In a letter to State Auditor and Inspector Cindy Byrd, Attorney General Gentner Drummond said the Oklahoma Health Care Authority has not adequately answered formal inquiries about the contracted managed care organizations. Drummond argues that failing to hold the companies accountable has left providers struggling and some patients without timely access to services.

OHCA, which administers Medicaid in Oklahoma under the program name SoonerCare, responded that it will cooperate with any review. The agency emphasized a commitment to transparency while noting it had already highlighted generally high claim approval rates in a written reply to the AG earlier this month.
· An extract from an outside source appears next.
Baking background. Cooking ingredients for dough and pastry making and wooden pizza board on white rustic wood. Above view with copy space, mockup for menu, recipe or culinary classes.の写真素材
What officials say and why it matters now

Drummond’s move follows months of reports from doctors, clinics and other providers who say payments have been slow, denials are rising and claims are sometimes mishandled. The attorney general told the auditor he repeatedly requested written corrective plans from OHCA leadership but received mostly verbal assurances instead.

For patients, the stakes are concrete: SoonerCare covers services for pregnant women, children, people with disabilities, elderly enrollees and certain cancer patients. Any disruption in claims processing or authorization procedures can delay care or create administrative burdens for families and medical practices.

  • Who requested the audit: Attorney General Gentner Drummond asked State Auditor Cindy Byrd to open a review.
  • Target of the request: The Oklahoma Health Care Authority’s oversight of contracted managed care organizations (MCOs).
  • Allegations: Payment delays, failure to process claims properly and inappropriate denials reported by providers.
  • Contracted MCOs: Humana, Aetna and Oklahoma Complete Health — all operate under for-profit models.
  • Agency response: OHCA said it will cooperate with any audit and affirmed its commitment to accountability.

Background and recent developments

Oklahoma switched SoonerCare to a managed-care model some years ago. Under that arrangement, private insurers are paid to administer benefits and process claims. Critics say that model can create incentives to limit expenditures, while supporters argue it controls costs and delivers coordinated care.

In late April Drummond issued a public statement pressing for corrective action after documenting what he called systemic problems. He also pointed to a prior intervention in February, when he urged OHCA to abandon a proposed rule requiring preauthorization for certain dental extractions for SoonerCare patients.

A spokesperson for the state auditor’s office said Byrd cannot comment on active or potential audits.

Possible outcomes and next steps

An audit could examine contract compliance, claims-processing timelines, denial reasons and communications between OHCA and the MCOs. Depending on findings, the review might recommend administrative changes, tighter oversight, or contractual remedies to ensure access to care.

State officials, providers and the MCOs will be watching the auditor’s response closely: the process could reshape how SoonerCare is managed and how quickly providers receive reimbursement.